> **PROVIDED DATA**
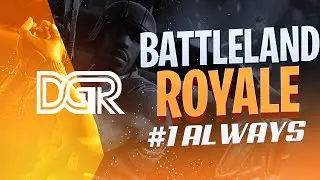 How To Win Every Game In Battlelands Royale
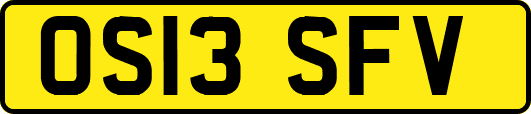 OS13SFV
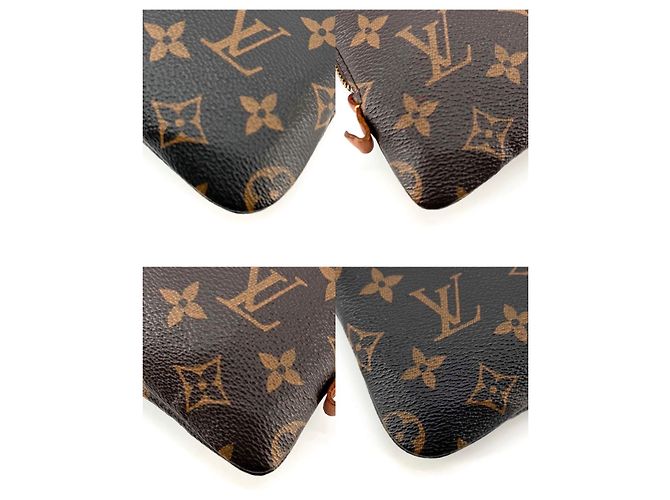 Louis Vuitton Monogram Etui Voyage PM - vista 6
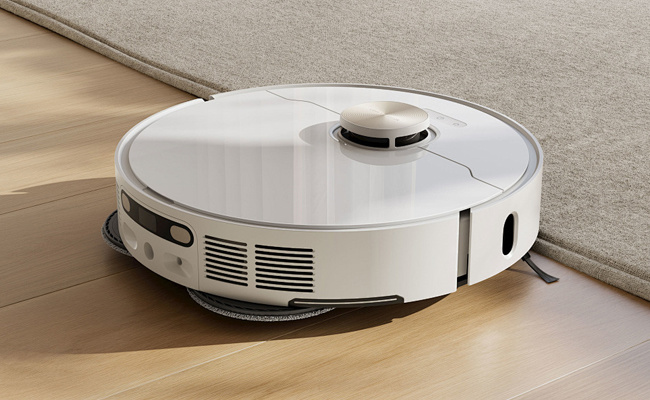 Smart Home Appliances Smart Home Appliances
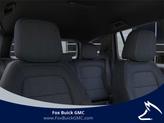 Thumbnail of 2026 Summit White GMC Terrain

> **ASSIGNMENT**
Above are the records; set down exactly the lines from the line containing "Louis Vuitton Monogram" through their last line, leaving every picture out.

> **TASK SOLUTION**
 Louis Vuitton Monogram Etui Voyage PM - vista 6
 Smart Home Appliances Smart Home Appliances
 Thumbnail of 2026 Summit White GMC Terrain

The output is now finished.